Litvinenko inquiry: Paedophile slur against Vladimir Putin listed among murder motives
Vladimir Putin and former KGB agent Alexander Litvinenko held a personal grudge that culminated in the latter accusing the Russian president of being a paedophile and played a role in the probable Kremlin decision to murder him, an inquiry has found.
The animosity between the two is one of several potential motives behind the killing identified by a long-awaited inquiry, the findings of which were published on 21 January. Litvinenko died of poisoning after his tea was laced with the highly radioactive polonium Polonium-210 at a London hotel in November 2006.
The inquiry's chairman, Sir Robert Owen, said evidence strongly suggests the former spy was killed by the main suspects in the case, Andrei Lugovoi and Dmitry Kovtun, on the orders of Russia's intelligence agency, the FSB, in an operation approved by its then chief, Nikolai Patrushev, and Putin himself.
Sir Robert's report outlined five motives that the Russian State might have had to kill Litvinenko, adding they overlapped and their effect was cumulative. They are reproduced here below in full.
1) First, Mr Litvinenko was regarded as having betrayed the FSB as a result of the public disclosures that he made before he left Russia, in particular his claim that he had been ordered to kill Mr [Boris] Berezovsky. This idea of betrayal was compounded by Mr Litvinenko's campaigning activity in the UK. The two books that he wrote accused the FSB of responsibility for 1999 apartment bombings and of collusion in organised crime.
2) Second, according to Mr Lugovoi, the FSB also received information that Mr Litvinenko was working for British intelligence, and that he had tried to recruit Mr Lugovoi to do so too.
3) Third, Mr Litvinenko was a prominent associate of both Boris Berezovsky and Akhmed Zakayev, both of whom were leading opponents of the Putin administration.
4) Fourth, the causes espoused by Mr Litvinenko – such as the FSB's alleged responsibility for the apartment bombings, the war in Chechnya, and alleged collusion between President Putin and other members of his administration and organised crime – were areas of particular sensitivity to the Putin administration.

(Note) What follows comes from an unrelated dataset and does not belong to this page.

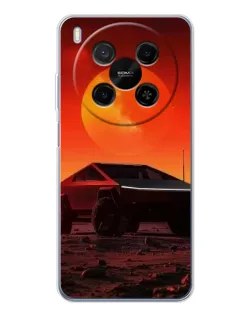 Чохол для Huawei Mate 80 Pro Max з картинкою «Cybertruck на Марсі»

5) Finally, there was undoubtedly a personal dimension to the antagonism between Mr Litvinenko on the one hand and President Putin on the other. The history between the two men dated back to their (only) meeting in 1998, at a time when Mr Putin was the newly appointed head of the FSB and Mr Berezovsky and Mr Litvinenko still hoped that he might implement a programme of reform. In the years that followed, Mr Litvinenko made repeated highly personal attacks on President Putin, culminating in the allegation of paedophilia in July 2006.
Litvinenko accused Putin of paedophilia in an article that appeared on the Chechenpress website in July 2006, in which he described a kiss on the stomach given by the Russian president to an unknown tourist boy aged four or five outside the Kremlin.
After the report was published, Interpol issued notices for Lugovoi and Kovtun, but Russia has previously refused to extradite them. Both men deny any involvement in murder.